Principal factors: this method is probably the most used. It is an iterative method which enables the communalities to be gradually converged. The calculations are stopped when the maximum change in the communalities is below a given threshold or when a maximum number of iterations is reached. The initial communalities can be calculated according to various methods.
Maximum likelihood: this method was first put forward by Lawley (1940). The proposal to use the Newton-Raphson algorithm (iterative method) dates from Jennrich (1969). It was afterwards improved and generalized by Jöreskog (1977). This method assumes that the input variables follow a normal distribution. The initial communalities are calculated according to the method proposed by Jöreskog (1977). As part of this method, an adjustment test is calculated. The statistic used for the test follows a Chi2 distribution to (p-k)² / 2 – (p+k) / 2 degrees of freedom where p is the number of variables and k the number of factors.
Number of factors
Determining the number of factors to select is one of the challenges of factor analysis. The "automatic" method offered by XLSTAT is uniquely based on the spectral decomposition of the correlation matrix and the detection of a threshold from which the contribution made by information (in the sense of variability) is not significant.
The likelihood maximum method offers an adjustment test to help determine the correct number of principle factors for the principle factor method. For the principal factors method, the defining the number of factors is more difficult?

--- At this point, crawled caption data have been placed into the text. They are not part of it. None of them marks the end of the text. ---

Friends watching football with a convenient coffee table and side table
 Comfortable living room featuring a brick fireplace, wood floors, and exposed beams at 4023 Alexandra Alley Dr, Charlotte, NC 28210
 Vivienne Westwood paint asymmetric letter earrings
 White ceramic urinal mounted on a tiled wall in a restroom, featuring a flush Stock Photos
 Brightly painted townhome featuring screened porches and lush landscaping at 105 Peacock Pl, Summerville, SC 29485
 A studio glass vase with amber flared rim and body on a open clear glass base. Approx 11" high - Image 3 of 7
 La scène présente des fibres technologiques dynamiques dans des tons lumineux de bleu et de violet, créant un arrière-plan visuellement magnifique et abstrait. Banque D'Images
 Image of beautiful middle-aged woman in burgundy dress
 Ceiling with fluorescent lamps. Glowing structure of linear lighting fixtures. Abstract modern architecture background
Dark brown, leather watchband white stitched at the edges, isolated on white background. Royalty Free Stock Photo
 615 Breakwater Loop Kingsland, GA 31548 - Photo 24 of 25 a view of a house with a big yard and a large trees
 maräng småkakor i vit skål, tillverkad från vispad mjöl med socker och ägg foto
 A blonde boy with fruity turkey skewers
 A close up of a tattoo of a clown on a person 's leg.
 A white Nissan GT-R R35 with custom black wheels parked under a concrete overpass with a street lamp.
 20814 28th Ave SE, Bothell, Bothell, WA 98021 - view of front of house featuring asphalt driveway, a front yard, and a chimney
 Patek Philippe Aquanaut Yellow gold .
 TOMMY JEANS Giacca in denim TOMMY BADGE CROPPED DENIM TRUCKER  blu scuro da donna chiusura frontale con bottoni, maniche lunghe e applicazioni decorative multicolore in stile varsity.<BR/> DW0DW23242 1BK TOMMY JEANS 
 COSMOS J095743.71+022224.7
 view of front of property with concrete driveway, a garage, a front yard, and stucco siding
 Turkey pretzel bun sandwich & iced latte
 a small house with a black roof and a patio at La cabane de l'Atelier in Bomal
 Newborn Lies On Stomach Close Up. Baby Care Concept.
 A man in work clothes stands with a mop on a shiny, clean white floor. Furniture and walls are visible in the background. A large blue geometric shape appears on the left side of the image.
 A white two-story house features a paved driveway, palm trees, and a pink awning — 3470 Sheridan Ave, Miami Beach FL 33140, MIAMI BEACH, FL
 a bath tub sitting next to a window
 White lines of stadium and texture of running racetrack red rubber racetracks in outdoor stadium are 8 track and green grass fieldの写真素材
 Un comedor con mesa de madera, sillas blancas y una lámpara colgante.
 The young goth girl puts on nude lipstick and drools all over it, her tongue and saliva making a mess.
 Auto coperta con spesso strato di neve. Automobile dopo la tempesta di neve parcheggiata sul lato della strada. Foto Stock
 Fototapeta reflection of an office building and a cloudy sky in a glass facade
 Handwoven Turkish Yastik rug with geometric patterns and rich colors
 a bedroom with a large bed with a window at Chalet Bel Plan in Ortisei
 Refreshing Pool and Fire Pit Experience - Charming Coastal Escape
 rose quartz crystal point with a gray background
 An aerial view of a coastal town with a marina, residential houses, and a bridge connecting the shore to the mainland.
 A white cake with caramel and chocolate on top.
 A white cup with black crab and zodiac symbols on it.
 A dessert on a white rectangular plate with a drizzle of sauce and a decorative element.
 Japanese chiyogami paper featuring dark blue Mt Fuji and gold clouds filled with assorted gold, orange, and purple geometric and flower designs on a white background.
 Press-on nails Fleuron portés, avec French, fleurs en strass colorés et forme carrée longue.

The Kaiser-Guttman rule suggests that only those factors with associated eigenvalues which are strictly greater than 1 should be kept. The number of factors to be kept corresponds to the first turning point found on the curve. Crossed validation methods have been suggested to achieve this aim.
Anomalies (Heywood cases)
Communalities are by definition the squares of correlations. They must therefore be between 0 and 1. However, it may happen that the iterative algorithms (principle factors method or likelihood maximum method) will produce solutions with communalities equal to 1 (Heywood cases), or greater than 1 (ultra Heywood cases). There may be many reasons for these anomalies (too many factors, not enough factors, etc.). When this happens, XLSTAT sets the communalities to 1 and adapts the elements of L in consequence.
Once the results have been obtained, they may be transformed in order to make them more easy to interpret, for example by trying to arrange that the coordinates of the variables on the factors are either high (in absolute value), or near to zero. There are two main families of rotations:
Orthogonal rotations can be used when the factors are not correlated (hence orthogonal). The methods offered by XLSTAT are Varimax, Quartimax, Equamax, Parsimax and Orthomax. Varimax rotation is the most used. It ensures that for each factor there are few high factor loadings and few that are low. Interpretation is thus made easier as, in principle, the initial variables will mostly be associated with one of the factors.
Oblique transformations can be used when the factors are correlated (hence oblique). The methods offered by XLSTAT are Quartimin and Oblimin.
The Promax method, also offered by XLSTAT, is a mixed procedure since it consists initially of a Varimax rotation followed by an oblique rotation so that the high factor loadings and low factor loadings are the same but with the low values even lower.